If The Mountain Chef pans out as planned, there are still more ideas brewing for the group, including a series of five-minute episodes called "Brown-bagging It."
"We'll show the athlete back in Toronto, working in his cubicle asking, 'What can I take to the office that's going to be super cool, and work with the microwave or whatever I've got?" Brown said.
"It's great food to go," Bradley quipped.
And with that, the trio were back to work, on a deadline to feed an army of trail builders.
"I think this is something that's never been done and I think it's going to appeal to a lot of people," Brown said. At the very least, he added, "I'm pretty stoked to be in the mountains."
About Chef Brown, by Chef Brown:
"I was born and raised in Niagara Falls, Ontario. When I was 18, I was working at a restaurant and applied for an apprenticeship, but the chef at the time was in semi-retirement and said I wasn't going to learn enough from him, so he sent me to Chateau Whistler."
"I was there when the Chateau opened and was lucky enough to work under Bernard Casavant, a cutting edge chef at the time in North America."
"I got to work there for five years, but I was kind of the black sheep of the Chateau. I was the guy who was there to snowboard and party and stuff. Everyone else was up 'til one in the morning reading cook books while I was partying it up at Garfinkel's."
"But I picked up some pretty good chops along the way. I got a strong foundation and background, and I feel like I can do whatever."
"Then I got dragged out of town by a girl and ended up working at the Empress in Victoria and spent a year there. It was great because I could mountain bike year-round, but I was so far away from the mountains."
"Living in Whistler all I ever heard was 'Red Mountain, Red Mountain. Fernie, Fernie.' It was getting too expensive in Whistler and everyone was leaving. When I was in Victoria, the premier issue of Bike Magazine came out and had an article on Rossland, BC. On a whim, I just drove out, got a sous-chef position, and ended up moving here."
"It's hard, because I sacrificed my culinary career. All the guys I worked with at the Chateau are in the city. I'd pick up a magazine and they'd be in there, or in the big [cooking] competitions. I kind of struggled with that."
"I was cooking really good food, but not cutting edge. It's hard because here, you just don't have access to the ingredients the people in the city can get. But I had the mountain bike and snowboard lifestyle and that's why I was here."
Now, however, Brown said that might be changing.
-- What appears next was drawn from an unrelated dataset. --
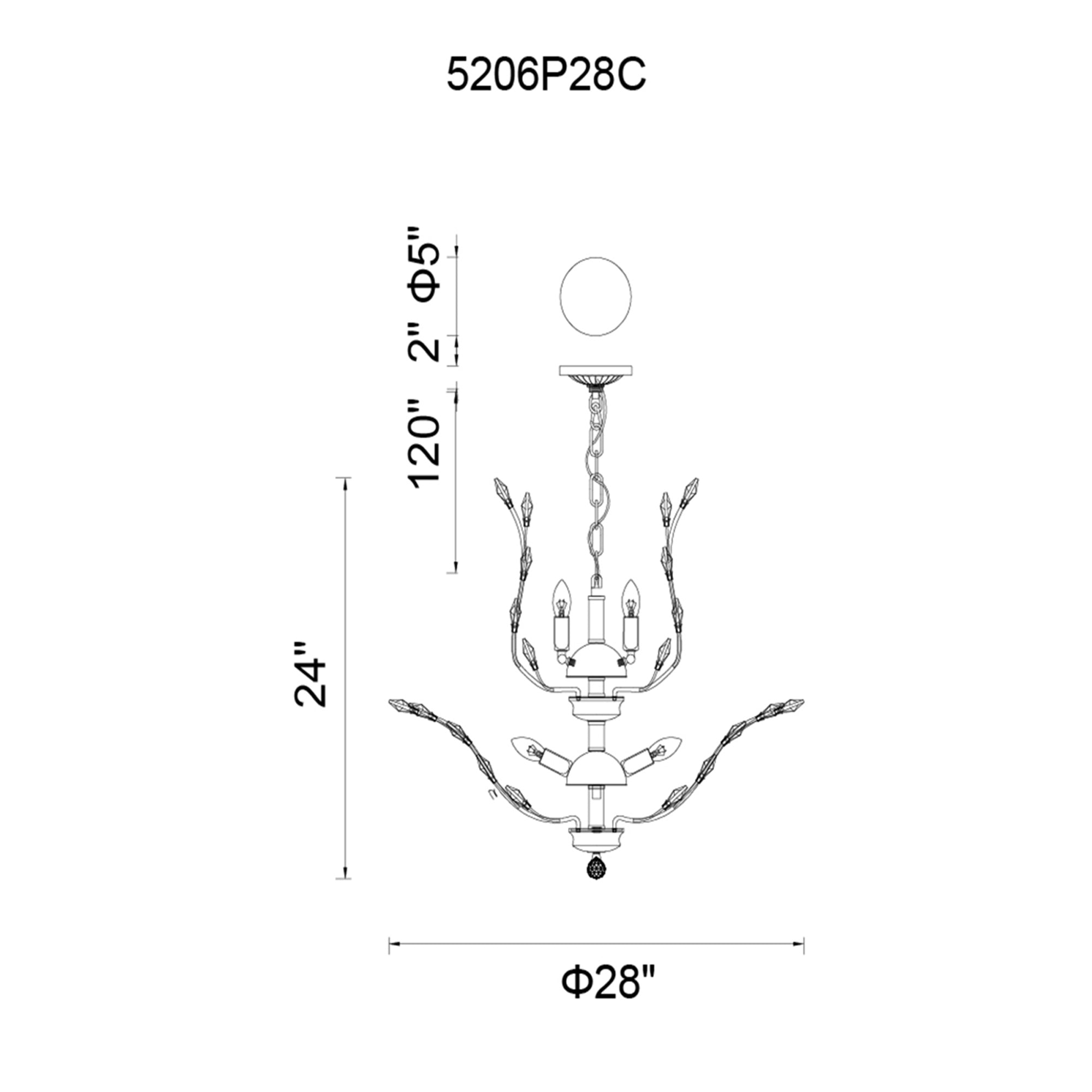 Ivy 9 Light 28in Chrome Chandelier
He feels he might now be coming onto the cutting edge of something new.
"With the whole 'real food' thing, it's coming full circle. It's going back to the small scale farming, organic and local, local, local. I think that's going to boom around here."
Brown lives in Rossland, BC, with his wife Kim Robinson, their 5 year old girl, Libby Bella Brown (a.k.a. Lib Tech), and their 16 month old baby, Benji Brown.